Resistance is a lot like gravity. With everyone (and everything) being naturally pulled down, it can often take a monumental force to overcome the gravitational pulls of inertia and fear and rise up, especially when tackling something new, unfamiliar, creative, and worthwhile.
The creative's job isn't so much to create a heartbreaking work of staggering genius as it is to just show up to the page or canvas or screen and see what happens. Without ego.
Back to the Italian car designer.
In the death throes of our situationship, I wanted my book back.
And expressed it as such.
But to do so meant seeing him at his place, and I didn't want to cross turf lines.
He then texted me that if I didn’t meet him, he’d throw the book away.
My heart sank.
Simultaneously, I felt unchallenged (I could always buy another copy) and horrified (why on Earth would you destroy a book?).
I decided not to pick it up.
It took more than 15 years to realize this, but that was Resistance in action.

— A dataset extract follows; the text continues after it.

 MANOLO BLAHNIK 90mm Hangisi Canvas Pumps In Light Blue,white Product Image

Both his threat and my negligence in not picking up a new copy of the book until 2022 are examples of Resistance. Resistance doesn't want you to create; it wants you to destroy by not creating. It wants you to stay stuck, negative.

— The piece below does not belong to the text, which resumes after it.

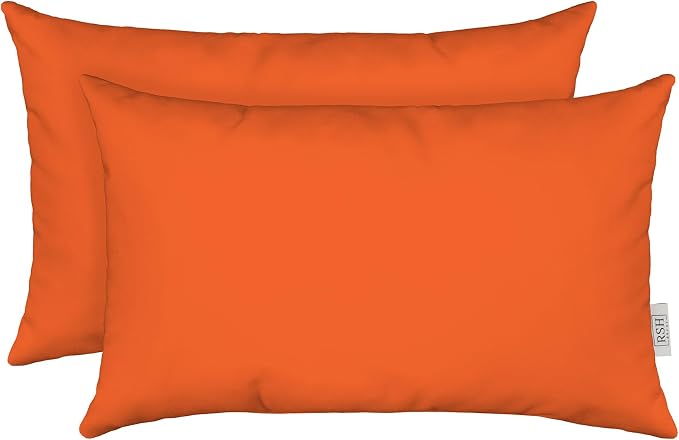 RSH Décor - Sunbrella Jumbo Lumbar Throw Pillows – Set of 2 | 26" x 16" | Indoor Outdoor Use – Patio, Lounge, Adirondack, Deck | Water & Fade-Resistant | Includes Down-Alternative Inserts | Melon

And while I may have written a lot since 2022, had I had this guide with me, I may not harbored so much self-loathing about why my work wasn't good enough; I may have also created even more, vivacious, and joy-filled work because I had just shown up over and over and over.
So, what's the antidote to Resistance?
Well, it's showing up over, over, and over again or, as Pressfield notes, "turning pro."
Turning pro is about treating our creativity as though it was our day jobs. For better or for worse, that means:
We show up every day
We show up no matter what
We stay on the job all day
We are committed over the long haul
The stakes for us are high and real
We accept remuneration for our labor
We do not overidentify with our jobs
We master the technique of our jobs
We have a sense of humor about our jobs
We receive praise or blame in the real world
I find that when I treat my writing like it is a job (as opposed to an occasional dalliance), I feel a lot better about myself. Even dribbling out a crappy rough draft (and not breaking the chain) gives me a sense of peace and makes me easier to be around.
The more I live, the more I realize that doing the work means more than money, Facebook likes, awards, and praise received for the work. Sure, they're nice; but to be in the zone when hours melt by, to be in the flow state of creation, makes me feel alive.
It's worth battling Resistance over.